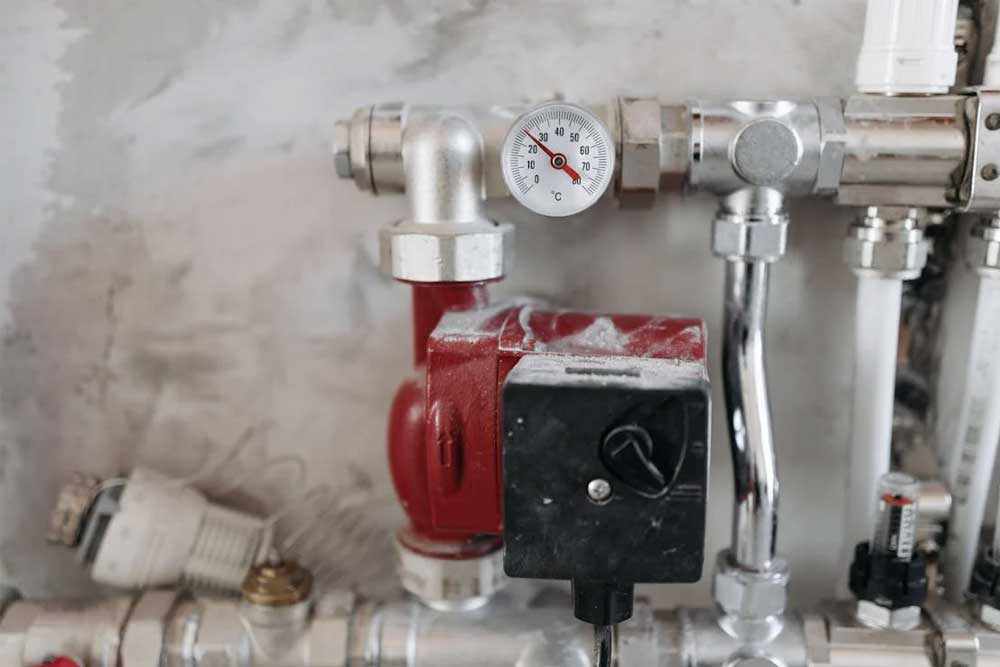 Image of a red pump pressure gauge unit used in plumbing maintenance, featuring Christmas Air Conditioning and Plumbing, highlighting their expert plumbing fixture repair services and commitment to reliable home system performance.<br />
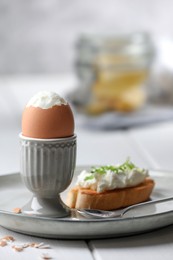 Fresh soft boiled egg in cup and sandwich on white wooden table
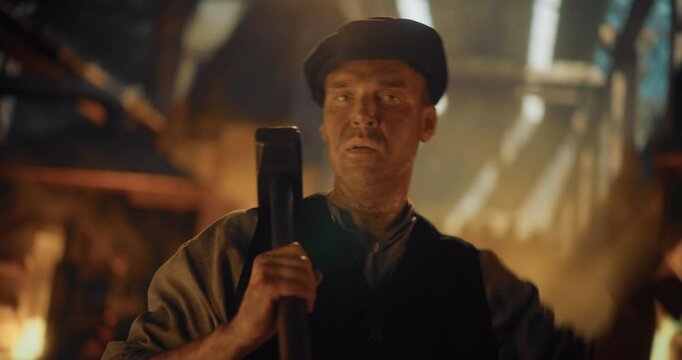 Foundryman of the Industrial Era Posing in Front of the Camera While Placing a Heavy Sledgehammer Over His Shoulder. Labor Worker Standing with an Iron Foundry in the Background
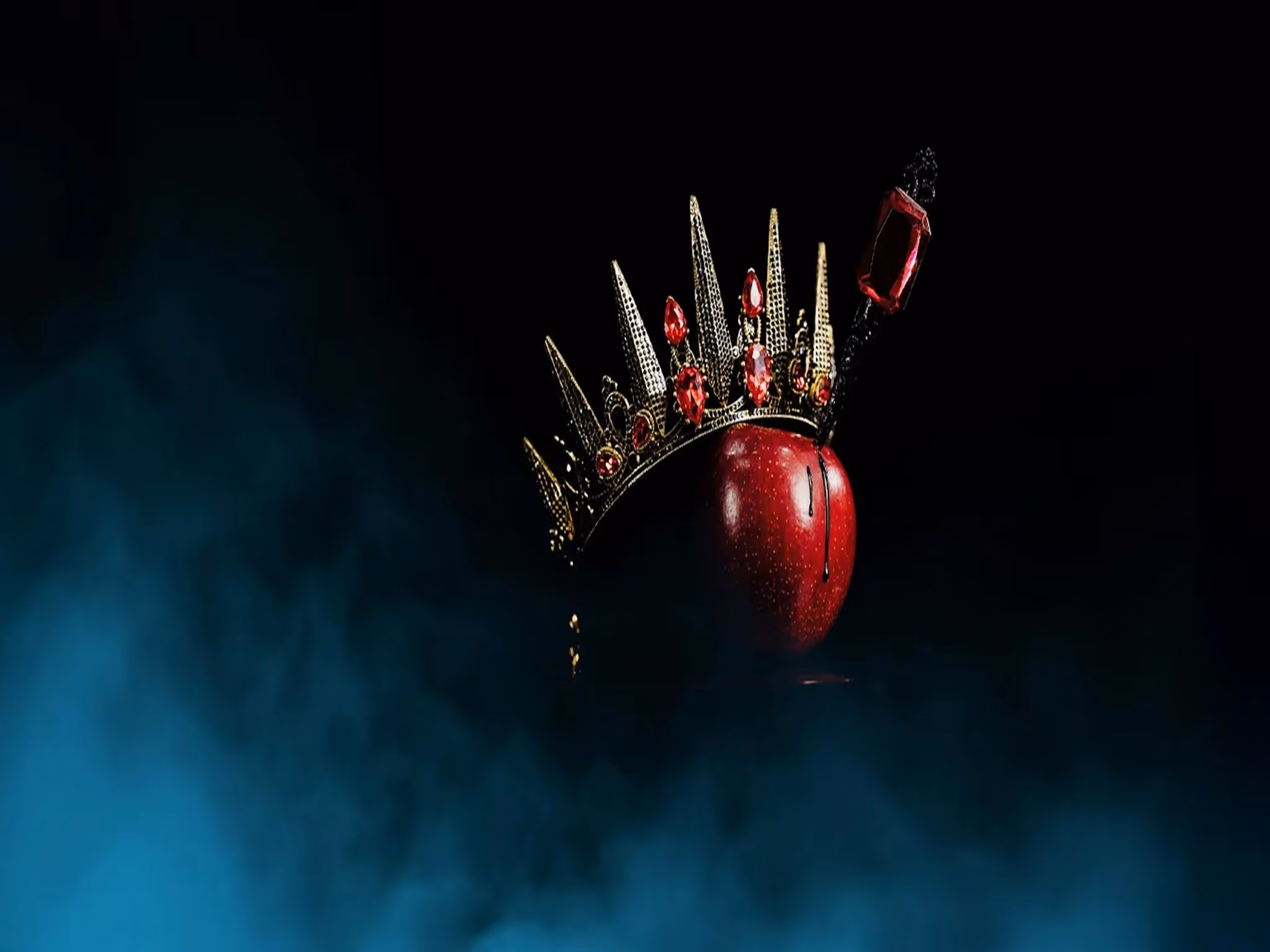 A red apple with a crown and dagger in it. Ballet Theatre Queensland Snow White.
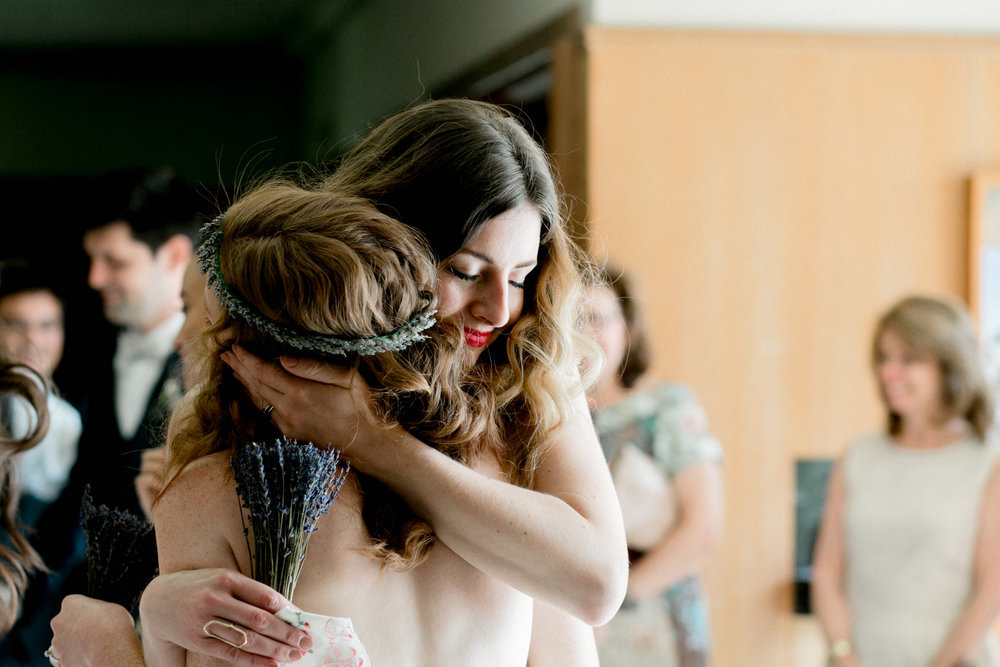 A woman is hugging another woman during a wedding ceremony.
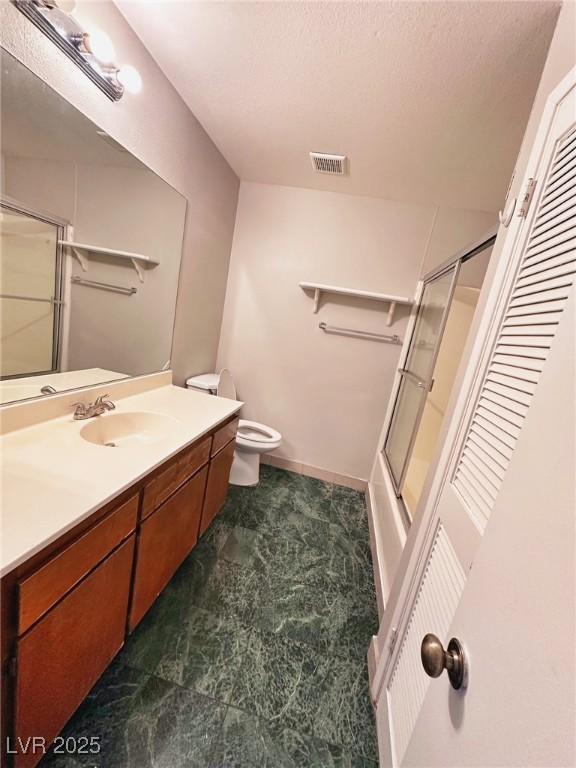 4331 Sanderling Cir Unit 46, Las Vegas, NV 89103 - bathroom featuring vanity, toilet, and enclosed tub / shower combo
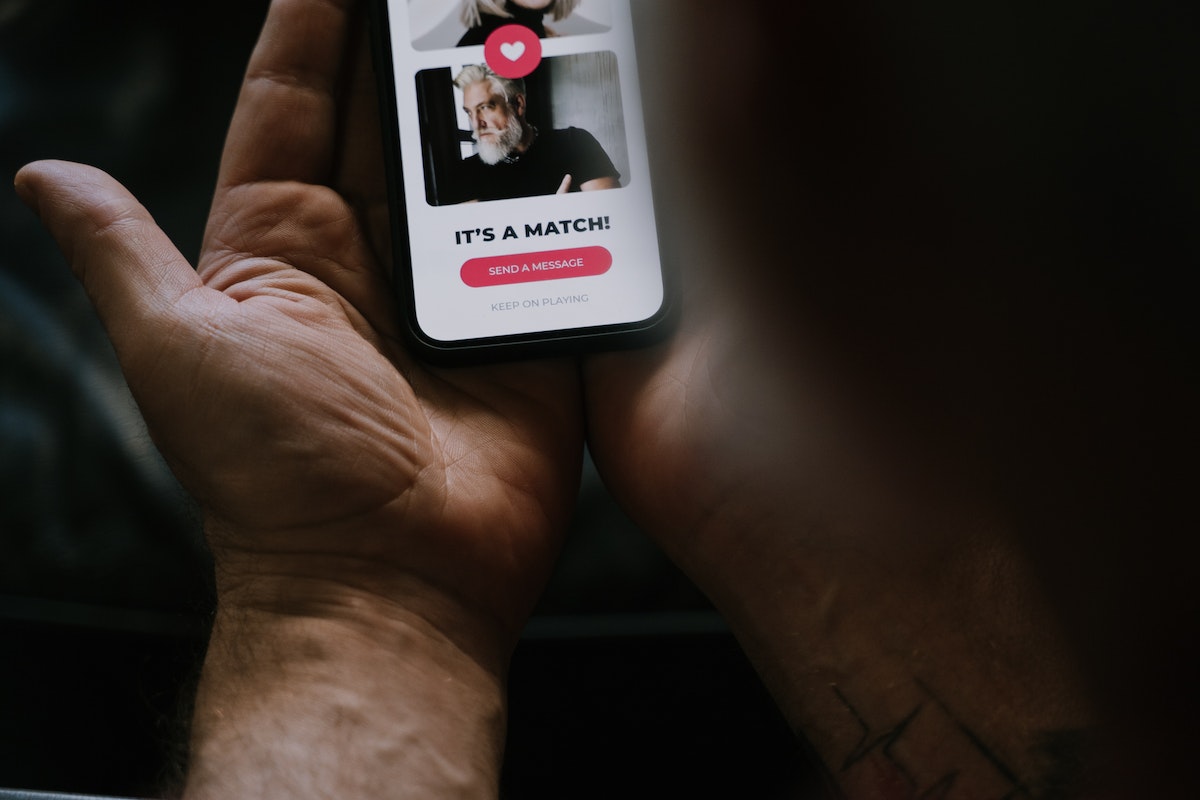 Human Hands Holding a Smartphone with Dating-Matching App on Screen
══════
DIRECTIONS FOR THIS TASK: Restate each of the entries above word for word and skip every image.

ANSWER SECTION:
 Image of a red pump pressure gauge unit used in plumbing maintenance, featuring Christmas Air Conditioning and Plumbing, highlighting their expert plumbing fixture repair services and commitment to reliable home system performance.<br />
 Fresh soft boiled egg in cup and sandwich on white wooden table
 Foundryman of the Industrial Era Posing in Front of the Camera While Placing a Heavy Sledgehammer Over His Shoulder. Labor Worker Standing with an Iron Foundry in the Background
 A red apple with a crown and dagger in it. Ballet Theatre Queensland Snow White.
 A woman is hugging another woman during a wedding ceremony.
 4331 Sanderling Cir Unit 46, Las Vegas, NV 89103 - bathroom featuring vanity, toilet, and enclosed tub / shower combo
 Human Hands Holding a Smartphone with Dating-Matching App on Screen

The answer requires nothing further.